Modifique com intenção de progredir. Se um cliente apresenta sensibilidade a determinado movimento, modificação temporária pode ser apropriada. Mas o objetivo deve ser sempre retornar progressivamente ao movimento completo, construindo tolerância e confiança. Modificação permanente baseada em medo não é tratamento — é evitação institucionalizada.
Exponha gradualmente a movimentos temidos. Para clientes com crenças de fragilidade ou evitação de movimentos específicos (frequentemente flexão), exposição gradual e bem-sucedida pode ser terapêutica. Começar com amplitudes e cargas baixas, progredir conforme confiança aumenta, celebrar sucessos. A experiência de fazer um movimento temido sem consequências negativas é poderosa para desmontar crenças catastróficas.
Reconheça os limites do seu escopo. Personal trainers podem contribuir significativamente através de educação em dor, prescrição de exercício e construção de autoeficácia. No entanto, casos complexos com componentes psicológicos significativos (depressão, trauma, catastrofização severa) podem beneficiar-se de encaminhamento para profissionais de saúde mental ou fisioterapeutas especializados em dor.
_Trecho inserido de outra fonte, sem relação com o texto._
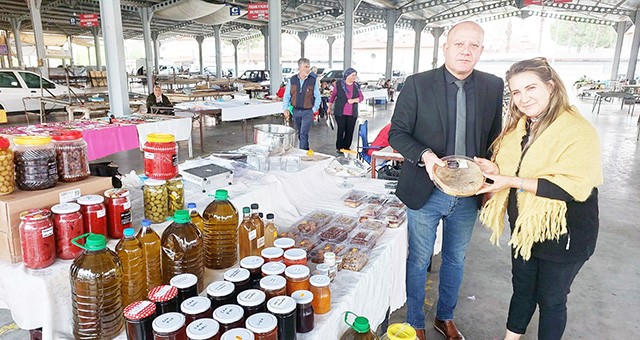 Kadın Üretici Pazarı’nda herşey el emeği göz nuru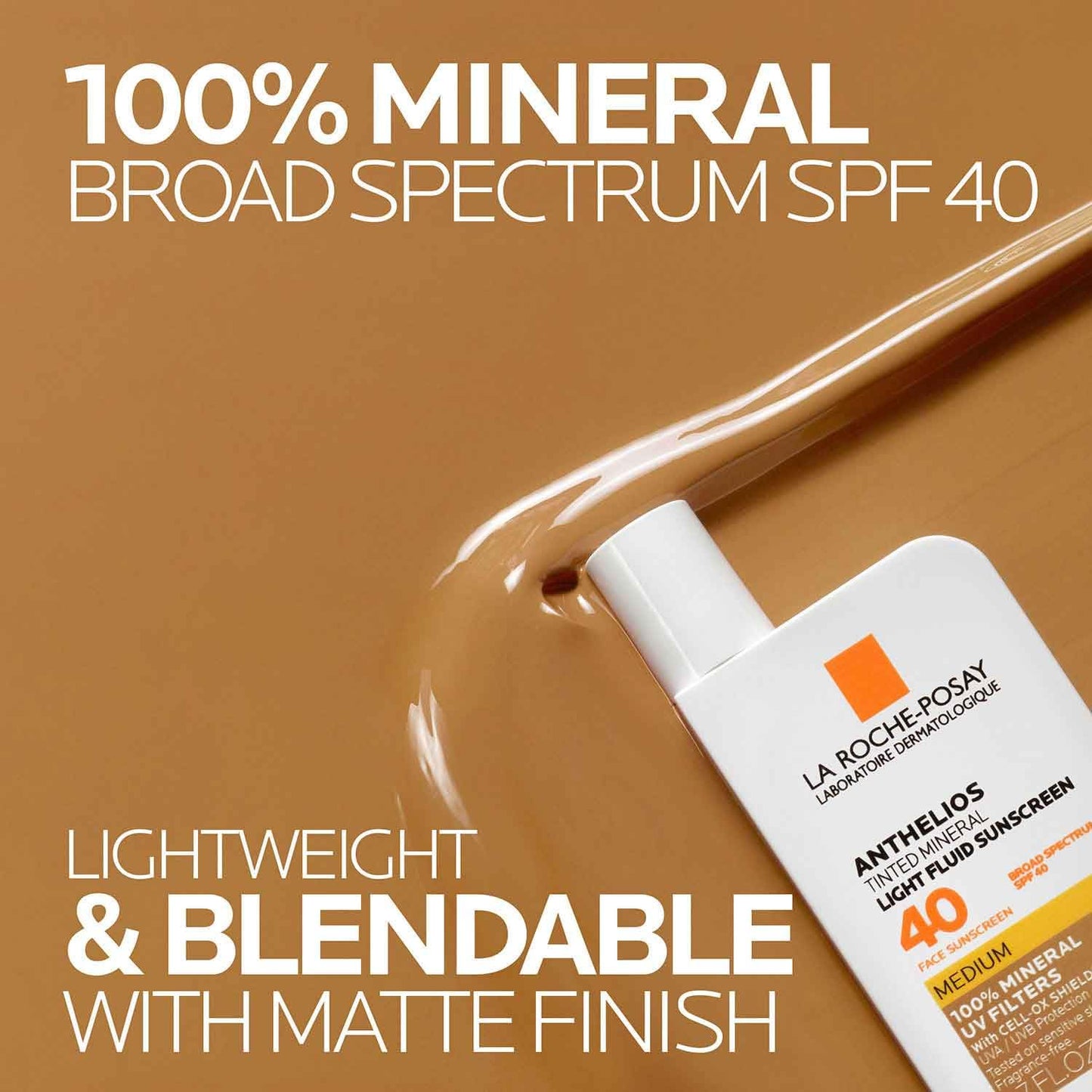 La Roche-Posay Anthelios Mineral Light Fluid Sunscreen for Face in 5 shades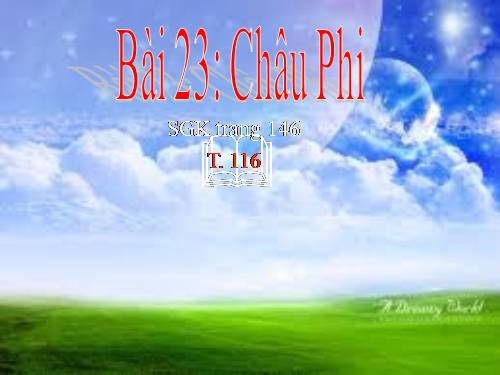 Bài 23. Châu Phi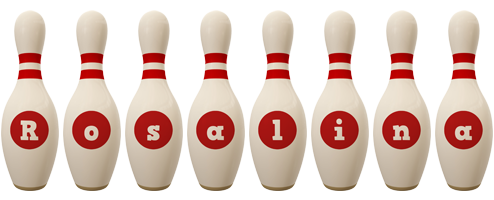 Rosalina bowling-pin logo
Se você quer aprender a prescrever treinos baseados em evidência para alunos com dor — entendendo não apenas o que funciona, mas por que funciona — conheça o Método Lund. É a formação mais completa para personal trainers que querem se diferenciar pelo conhecimento e construir uma prática profissional que vai além de séries e repetições.
Conclusão: honrando contribuições enquanto abraçamos evolução
Stuart McGill dedicou uma carreira inteira ao estudo rigoroso da coluna vertebral. Seus trabalhos estabeleceram a biomecânica espinhal como disciplina científica séria, produziram ferramentas clínicas genuinamente úteis, e influenciaram positivamente inúmeros profissionais a pensarem mais sistematicamente sobre prescrição de exercício para a coluna.
Reconhecer as limitações de aspectos de seu trabalho não é desrespeito — é a aplicação do próprio método científico que ele defendeu. Toda teoria deve ser continuamente testada contra novas evidências, e paradigmas devem evoluir conforme nosso entendimento avança. Isso não é fraqueza da ciência; é sua maior força.
A síntese atual preserva insights valiosos de McGill — atenção à técnica pode importar em contextos específicos, desenvolvimento de estabilidade do tronco tem valor, exercícios Big 3 são opções válidas — enquanto os integra em um framework biopsicossocial mais amplo que reconhece a complexidade da dor e a importância de fatores psicológicos e sociais.
Para o personal trainer contemporâneo, isso significa mover-se de prescrições universais baseadas em biomecânica idealizada para avaliação individualizada que considera o ser humano inteiro — seus tecidos, suas crenças, seus medos, seus objetivos. É uma abordagem mais complexa, mas também mais honesta com a evidência e, ultimamente, mais efetiva para as pessoas que servimos.